Fats can be classified as either saturated or unsaturated: The consumption of saturated fats carries some health risks in that they have been linked to arteriosclerosis (hardening of the arteries) and heart disease. Unsaturated fats can be either polyunsaturated (many double bonds) or monounsaturated fats (one or few double bonds). Recent research suggests that the healthiest of the fats in the human diet are the monounsaturated fats, such as olive oil and canola oil, because they appear to be beneficial in the fight against heart disease

Protein: The most important type of food is protein. It supplies not only food to the body but works to repair damaged and create new tissues in the body. Every cell of the body is made up of protein and required continuous supplies to keep cells alive. Can a high protein diet can be effective for someone trying to lose weight and lose fat? Well some studies say yes. Most high protein foods are extremely low in carbs and extremely low in saturated fat (which is the fat that you DON'T want to eat). Therefore, by eating a high protein diet loaded with high protein foods, at the same time you'd end up eating low carb foods and low saturated fat foods.

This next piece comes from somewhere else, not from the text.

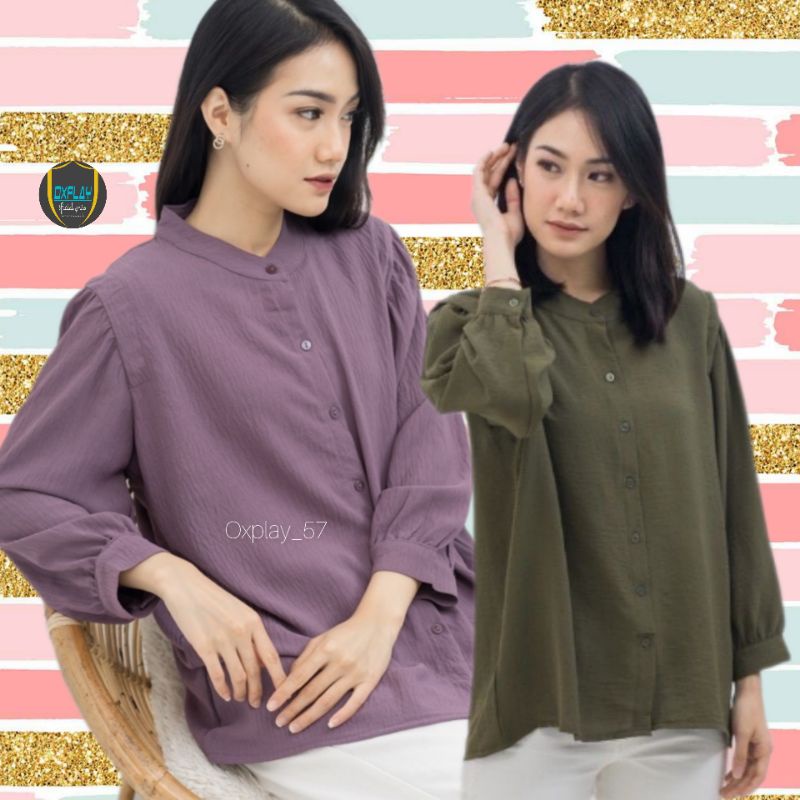 Kemeja Wanita Polos Hitam Putih Kemeja Crinkle Reva Blouse Atasan Baju Wanita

And, if you didn't already know, in order to lose weight and lose fat, eating low carbs and eating little or no saturated fat is a MUST. Some high protein foods are: Chicken Turkey Lean meats and beef Fish (just about every fish is high in protein, anything from tuna fish, to salmon, to shrimp) Egg whites

If you decide on a high protein diet, the most important times to eat high protein foods are: First thing in the morning after you wake up Last thing at night before you go to bed Directly after your workout.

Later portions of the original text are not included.